Advanced transistors are already moving from the fin field-effect transistor (FinFET) architecture to nanosheets. The end goal is to place two devices on top of each other in a CFET configuration. Forksheet can be an intermediate step along the way.imek
Chip makers will be able to create the thinner features needed for this advancement using next-generation ASML lithography for extreme ultraviolet, Imec says. This technology, called High Numerical Aperture EUV, is currently under development at ASML and Imec will be next in line. Increasing the numerical aperture (an optical term referring to the range of angles at which a system can collect light) results in more accurate images.
Rear power supply networks
The basic idea behind back-end power networks is to remove all interconnects that carry power—as opposed to data signals—above the silicon surface and place them below it. This should provide less power loss because the power supply interconnects can be larger and less stable. It also frees up space above the transistor layer for signal-carrying interconnects, possibly resulting in more compact designs. [See “Next-Gen Chips Will Be Powerd From Below”.]

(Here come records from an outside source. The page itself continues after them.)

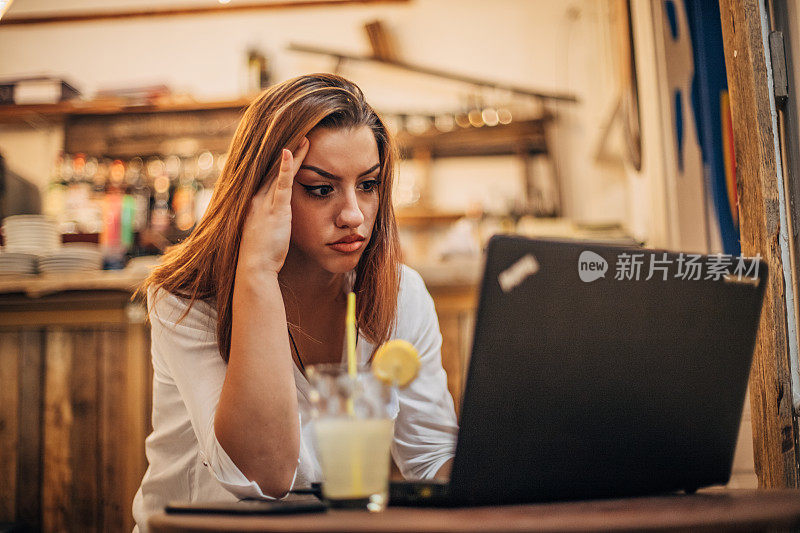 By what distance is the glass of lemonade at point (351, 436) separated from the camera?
69 cm

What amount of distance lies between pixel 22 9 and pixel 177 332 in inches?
152

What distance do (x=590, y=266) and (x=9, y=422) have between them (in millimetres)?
2500

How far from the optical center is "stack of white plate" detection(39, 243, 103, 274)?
265cm

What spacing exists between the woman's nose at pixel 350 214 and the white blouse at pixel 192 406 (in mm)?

In the future, even more could be moved to the back side of the silicon. For example, so-called global interconnects, which span (relatively) long distances for transmitting clocks and other signals, may be under the silicon. Or engineers can add active power delivery devices such as ESD protection diodes.
There are several ways of 3D integration, but the most advanced to date are hybrid connection of wafers to wafers and crystals to wafers. [See “3 Ways 3D Chip Tech is Upending Computing”.] These two provide the highest interconnection density between two silicon dies. But this requires the two dies to be designed together so that their functions and connection points match, allowing them to operate as a single chip, says Ann Jourdain, chief technical staff member. Imec R&D is on track to create millions of 3D joints per square millimeter in the near future.
Going to CMOS 2.0
CMOS 2.0 takes disaggregation and heterogeneous integration to the extreme. Depending on which technologies make sense for particular applications, this can lead to a 3D system that includes layers of onboard memory, I/O and power infrastructure, high density logic, high drive current logic, and huge amounts of cache. memory.
Getting to this point will require not only technology development, but tools and training to determine which technologies will actually improve the system. As Bardon notes, smartphones, servers, machine learning accelerators, augmented and virtual reality systems have very different requirements and limitations. What makes sense for one may be a dead end for another.